当前位置：文江博客知识库简体中文文档 Web JavaScript Reference Global_Objects String charCodeAt

String.prototype.charCodeAt() - JavaScript 编辑

charCodeAt() 方法返回 0 到 65535 之间的整数，表示给定索引处的 UTF-16 代码单元

UTF-16 编码单元匹配能用一个 UTF-16 编码单元表示的 Unicode 码点。如果 Unicode 码点不能用一个 UTF-16 编码单元表示（因为它的值大于0xFFFF），则所返回的编码单元会是这个码点代理对的第一个编码单元) 。如果你想要整个码点的值，使用 codePointAt()。

语法

str.charCodeAt(index)

参数

index: 一个大于等于 0，小于字符串长度的整数。如果不是一个数值，则默认为 0。

返回值

指定 index 处字符的 UTF-16 代码单元值的一个数字；如果 index 超出范围，charCodeAt() 返回 NaN。

描述

Unicode 码点（code points）的范围从 0 到 1114111 (0x10FFFF）。开头的 128 个 Unicode 编码单元和 ASCII 字符编码一样。（关于 Unicode 的更多信息，可查看 JavaScript Guide。）

注意：，charCodeAt 总是返回一个小于 65,536 的值。这是因为高位编码单元（higher code point）使用一对（低位编码 lower valued）代理伪字符（"surrogate" pseudo-characters）来表示，从而构成一个真正的字符。

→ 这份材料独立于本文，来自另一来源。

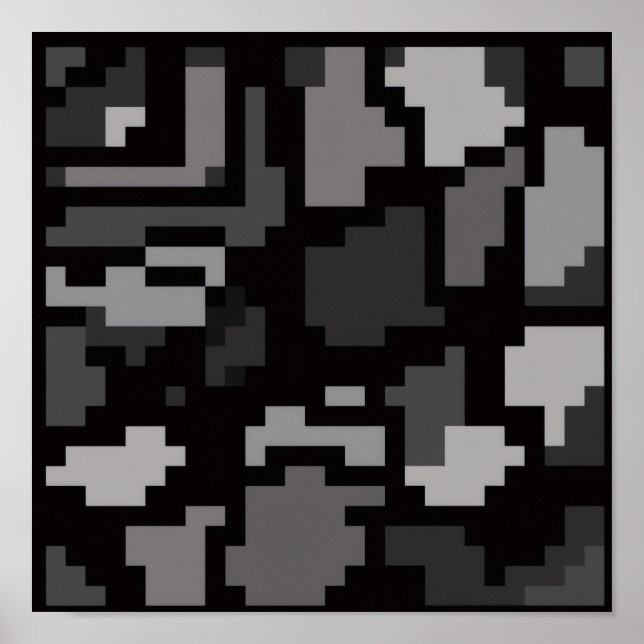 Graue abstrakte Kunst Poster (Vorne)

因此，为了检查（或重现）65536 及以上编码字符的完整字符，需要在获取 charCodeAt(i) 的值的同时获取 charCodeAt(i+1) 的值（如同用两个字母操纵一个字符串），或者改为获取 codePointAt(i) 的值。参看下面例 2 和例 3。

如果指定的 index 小于 0 、等于或大于字符串的长度，则 charCodeAt 返回 NaN。

向后兼容：在历史版本中（如 JavaScript 1.2），charCodeAt 返回一个数字，表示给定 index 处字符的 ISO-Latin-1 编码值。ISO-Latin-1 编码集范围从 0 到 255。开头的 0 到 127 直接匹配 ASCII 字符集。

示例

使用 charCodeAt()

下例介绍了不同索引情况下返回的 Unicode 值：

"ABC".charCodeAt(0) // returns 65:"A"

"ABC".charCodeAt(1) // returns 66:"B"

"ABC".charCodeAt(2) // returns 67:"C"

"ABC".charCodeAt(3) // returns NaN

使用 charCodeAt() 修复字符串中出现的未知的非基本多语言范围（非BMP，non-Basic-Multilingual-Plane）字符

这段代码可以被用在 for 循环和其他类似语句中，当在指定引索之前不确定是否有非BMP字符存在时。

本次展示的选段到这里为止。